Stable communities and the Suck Principle

NO ENTRY FOR GENERAL PUBLIC (cc) secretlonden123

“For anyplace to stay cool it has to suck.” Dmytri Kleiner wrote up some interesting thoughts on making communities more continuous and stable. When a place becomes too cool, it becomes too crowded, and the regulars are replaced by a more transient crowd that has no deep bonds to the community of regulars. Referring to a quote by Yogi Berra, “nobody goes there anymore, it’s too crowded“.Dmytri draws on his experience with 28C3, the latest Chaos Computer Congress, held yearly at the end of December, in Berlin, and proposes The Suck Principle:

Only places that suck can really have a continuous community, because if nothing about the place sucks, it will attract more and more people until it sucks because of crowding. So if you want a continuous, closely knit community, something about the venue or event must suck, your only choice is what should suck or how it should suck.

I think it’s a variation on what I regularly tell organisations who want to build an online platform around their mission: community is about exclusion, not about inclusion. It’s about constructing boundaries, whether enforced or self-selective.

Offline, physical location or dimensions are usually one of the barriers.

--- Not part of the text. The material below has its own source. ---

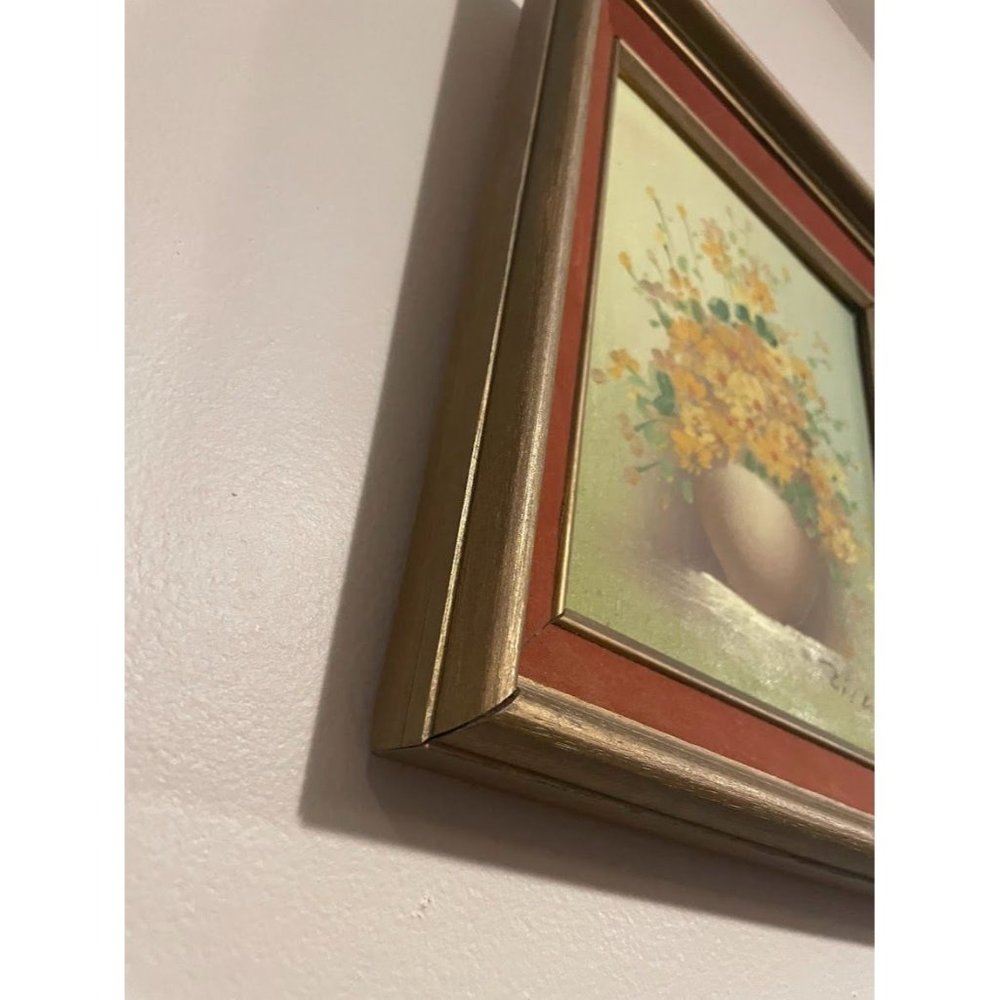 Vintage Original Oil-Acrylic Painting of Flowers-Still Life-on Board in Frame - Picture 6 of 12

Dmytri dismisses the option of relocation CCC, but my experience with for instance Web of Change at Hollyhock, on Cortes Island. off the West coast of British Columbia, is that “traversing the barrier to entry together” is a bonding experience in itself, creating community bonds that extend well beyond the few days that participants spend together.

Online, there usually is plenty of stuff that sucks. But little of it forms barriers to entry that double as “social objects”, around which participants can come together and bond, both with each other as well as with the social norms of the community you then enter.